The Canadians had mules and Red River carts, instead of wagons and horses;
two mules to each cart - five or six of them - and in case of steep hills they
would hitch three or four of the animals to one cart, always working tandem.
Sometimes a cart would go over, breaking everything in it to pieces; and at
such time Father DeSmet would be just the same, beaming with good humor."
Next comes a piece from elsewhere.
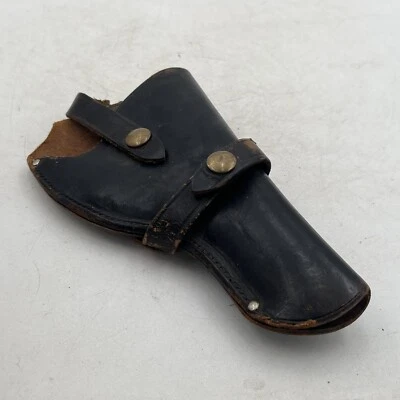 Redhead Colt Officers Target Model Leather Holster Colt 6 in GC 240418 Dark - Image 1 of 4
Captain Fitzpatrick led the train of emigrants across the plains, always
riding in advance. At Soda Springs on the northernmost bend of Bear River,
the party separated, the missionaries branching off to where their
destination lay, about 50 miles northward. "After getting all the
information we could from Captain Fitzpatrick," continues Bidwell, "we
regretfully bade goodbye to our fellow-emigrants, and to Father DeSmet and
his party." The fellow-emigrants alluded to comprised a portion of the party
who concluded to with the missionaries to Fort Hall and thence to Oregon by
the Snake and Columbia Rivers.
Do You Remember?
A. R.
McPhail wonders if there is anyone who remembers when the Produce
Markets were on 11th St. between Broadway and Washington. "This street was a
scene of great activity in the early morning hours, and I recall walking
along here when I was a small boy and watching the hustle and bustle; with
horse-drawn trucks and wagons backed up to the sidewalks. Later the produce
merchants moved to the block on
11th St. between Webster and Harrison, still
later moving to their present location at the lower end of Franklin St. Does
any one remember a church that stood on the northwest corner of 12th and
Brush Streets? When I was a messenger boy I would be sent to this church for
the morning service. My duty was to work a lever that would pump the organ
while the singing was in progress. When not employed I had to sit by the
lever, and when given the word to go, I would pump away. It was fast and
furious work, and I was always glad when the speaking started so I could
relax. Does anyone remember the little public library that was located back
of the old city hall on 14th St.? I really lived at that place. It was
wonderful to read the works of Dumas and be one of the three musketeers.
When I think back to that little building and then see our new big public
library, it astounds me. You could put the old building in one corner of the
new one. Nevertheless, the old library played an important part in our young
days. I am very grateful for the knowledge I took from the books there."